IN THE COURT OF APPEALS OF OHIO SIXTH APPELLATE DISTRICT WOOD COUNTY

In re Estate of Eddie M. Riddle Court of Appeals No. WD-21-041

Appellee Trial Court No. 2012-1204

[Loretta Riddle-Appellant] DECISION AND JUDGMENT

Decided: March 4, 2022

*****

Thomas E. Teet, for appellant.

Loretta Riddle, pro se.

DUHART, J.

{¶ 1} This is an appeal filed by appellant, Loretta Riddle, from the May 27, 2021

judgment of the Wood County Court of Common Pleas, Probate Division. For the

reasons that follow, we affirm the trial court’s judgment.

{¶ 2} Appellant sets forth one assignment of error:

The trial court erred and abused its discretion in determining that a

portion of the settlement proceeds be allocated to a survival action. Background

{¶ 3} Appellant’s father, Eddie Riddle, was a millwright by trade. In 2002, and

again in 2008, Mr. Riddle was diagnosed with lung cancer. In September 2011, Mr.

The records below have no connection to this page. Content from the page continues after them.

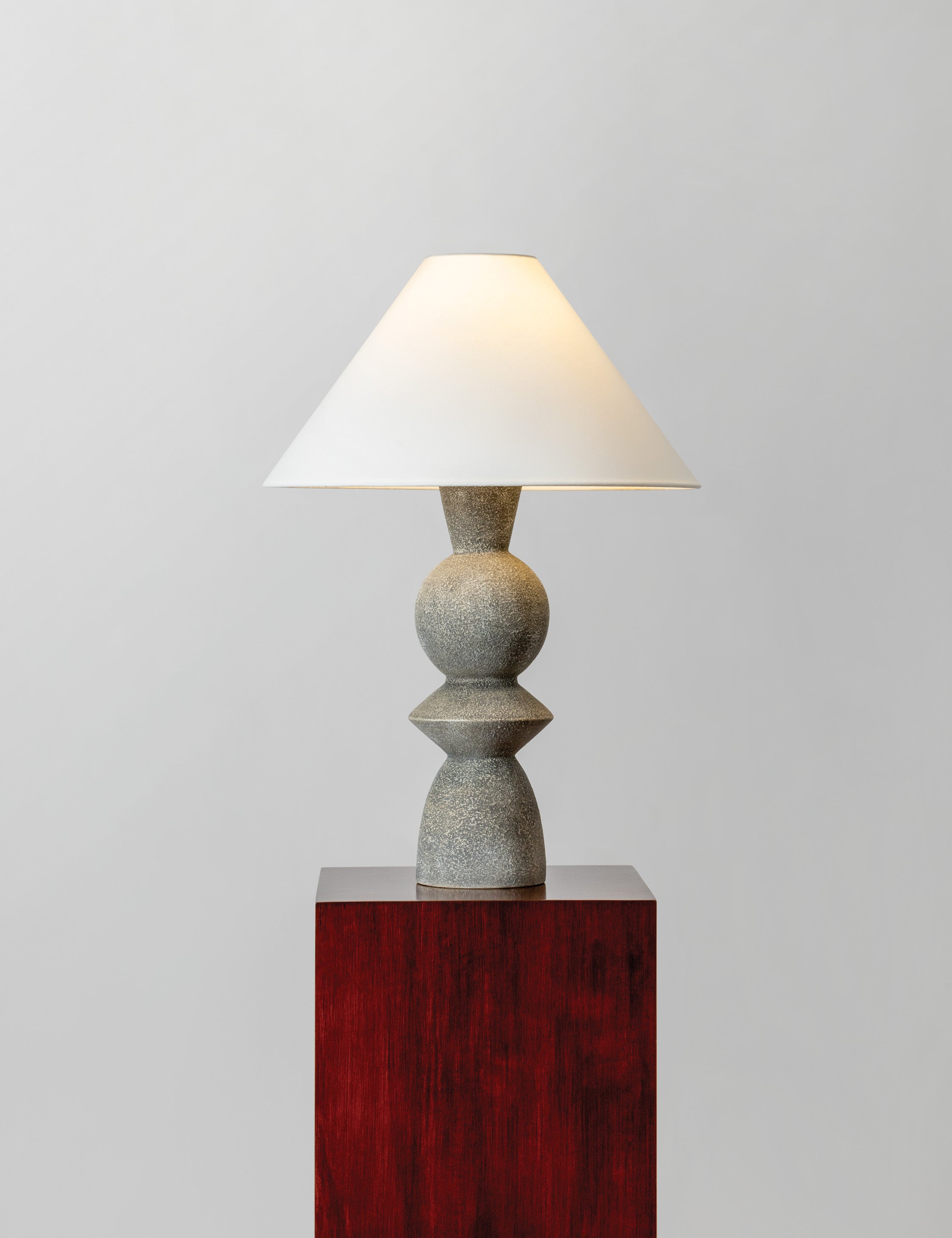 Bulsara geometric, stone-finish ceramic table lamp with the light on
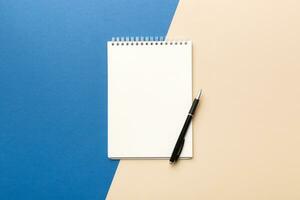 Blank notebook with pen on white background. Back to school and education concept photo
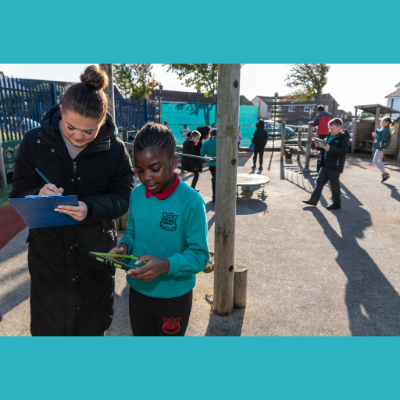 Student and volunteer doing survey @ Belfast Hills - 400x400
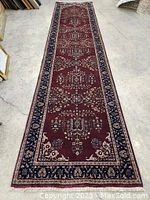 Full-length vertical view of runner laid flat on concrete floor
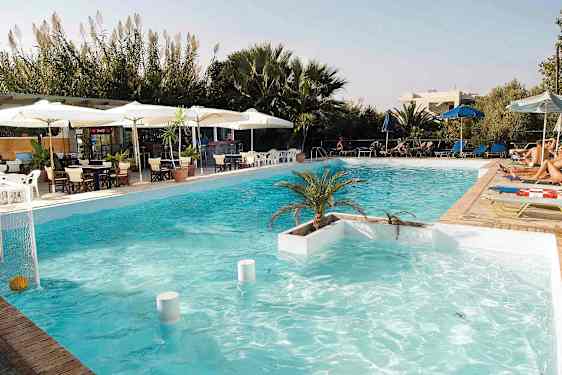 Et svømmebasseng med solsenger, parasoller og et serveringsområde i bakgrunnen. (AI-generert tekst)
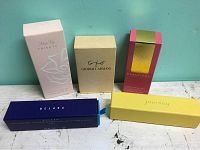 Five perfume boxes arranged on a table showing front labels.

Riddle signed an Attorney Employment Agreement (“Agreement”), with a law firm out

of Texas, in order to seek recovery for personal injury and/or death-related damages due

to his exposure to asbestos. On November 30, 2011, Mr. Riddle died from lung cancer

and chronic obstructive pulmonary disease (“COPD”). Mr. Riddle was survived by his

wife, Kathy Riddle (appellant’s mother), two adult children (one of whom was appellant),

and three grandchildren.

{¶ 4} On July 16, 2012, the Wood County Court of Common Pleas, Probate

Division, admitted Mr. Riddle’s last will and testament. Consistent with the terms of the

will, Kathy Riddle was named as executor of Mr. Riddle’s estate. Other proceedings in

probate court ensued. Then, on November 10, 2020, an Application to Approve

Settlement and Distribution of Wrongful Death and Survival Claims (“Application”) was

filed by Kathy Riddle. Thereafter, an amended Application (“Amended Application”)

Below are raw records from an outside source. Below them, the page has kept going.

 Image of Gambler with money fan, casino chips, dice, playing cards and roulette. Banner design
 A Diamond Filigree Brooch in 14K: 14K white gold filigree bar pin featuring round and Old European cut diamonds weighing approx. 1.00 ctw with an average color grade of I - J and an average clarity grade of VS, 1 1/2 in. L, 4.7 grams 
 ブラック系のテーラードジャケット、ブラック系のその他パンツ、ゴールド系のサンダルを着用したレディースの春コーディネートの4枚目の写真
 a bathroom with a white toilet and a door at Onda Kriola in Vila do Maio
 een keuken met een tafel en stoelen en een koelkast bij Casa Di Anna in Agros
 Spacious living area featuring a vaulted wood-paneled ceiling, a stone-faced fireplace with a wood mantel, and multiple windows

was filed. In both the Application and Amended Application, Kathy Riddle requested

that the entire settlement proceeds, after attorney fees and expenses, be allocated as a

survival claim.

{¶ 5} A hearing was held May 17, 2021, in order for the probate court to receive

evidence as to the classification and distribution of the proposed settlement proceeds. On

May 27, 2021, the probate court rendered a decision approving the settlement and finding

75 percent of the settlement proceeds, after expenses, should be classified and distributed

2. as and for the survival claim, and 25 percent should be classified and distributed as and

for the wrongful death claim. Appellant timely appealed.

Arguments

{¶ 6} Appellant argues the entire settlement should be allocated as wrongful death

proceeds. Appellant notes the Agreement did not specify whether the claims were for

personal injury or wrongful death. Appellant further observes the Agreement provides it

“‘shall be construed in accordance with the laws of the state of Texas.’” Appellant cites

to Texas law, which was in effect in when her father was first diagnosed with lung

cancer, in support of her assertion that a suit for personal injury must be brought within

two years after the cause of action accrues. Appellant cites to additional Texas law which

provides that a cause of action for personal injury accrues on the date the person knew or

should have known of the injury, and that the injury was work-related.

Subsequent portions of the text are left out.